Wi-Fi 6E offers numerous advantages but making the switch can be expensive. To justify the ROI on Wi-Fi 6E, IT leaders should perform a cost-benefit analysis.

Often, the overall cost depends on the strength and capability of current infrastructure. For example, can an agency retain any current devices? Will a government network have to undergo a complete device overhaul? How expensive will the requisite tweaks to the network architecture be?

Then balance those costs with the financial savings that Wi-Fi 6E can bring. For instance, immediate savings can stem from the increased efficiency and productivity the network allows for, helping agencies recoup some of the $8.8 trillion the world loses in productivity each year.

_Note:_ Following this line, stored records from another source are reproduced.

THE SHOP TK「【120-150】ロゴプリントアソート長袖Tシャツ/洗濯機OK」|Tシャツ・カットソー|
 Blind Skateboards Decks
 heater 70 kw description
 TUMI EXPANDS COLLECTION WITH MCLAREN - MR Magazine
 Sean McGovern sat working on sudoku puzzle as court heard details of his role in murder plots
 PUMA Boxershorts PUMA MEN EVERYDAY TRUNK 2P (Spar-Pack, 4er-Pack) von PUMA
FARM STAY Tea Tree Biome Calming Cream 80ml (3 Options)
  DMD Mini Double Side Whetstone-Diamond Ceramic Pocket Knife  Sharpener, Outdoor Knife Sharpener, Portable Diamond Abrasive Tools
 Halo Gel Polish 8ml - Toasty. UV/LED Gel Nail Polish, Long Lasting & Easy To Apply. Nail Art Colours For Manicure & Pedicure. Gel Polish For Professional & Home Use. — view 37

Wi-Fi 6E can also help future-proof the arrival of Wi-Fi 7 and 8, state and local governments may experience additional savings in the long-term as they don’t need to completely retool their infrastructure for future networks.

READ MORE: What does Wi-Fi 7 mean for state and local agencies?

Comply with Wi-Fi 6E Regulations

Since Wi-Fi 6E operates in the 6GHz frequency band, there may be different regulatory restrictions or licensing requirements in some regions, as outlined by The Federal Communications Commission (FCC). Further, spectrum usage is often affected with 6E implementation — adding a new frequency band necessitates adding a new radio, which means swapping dual-band access points (AP) for tri-band APs — and there are likewise various local regulations that may impact how businesses can go about making these necessary changes.

So, rather than transition to Wi-Fi 6E simply to keep up with the competition, IT leaders should consider these factors and decide if it is the right fit for their agency.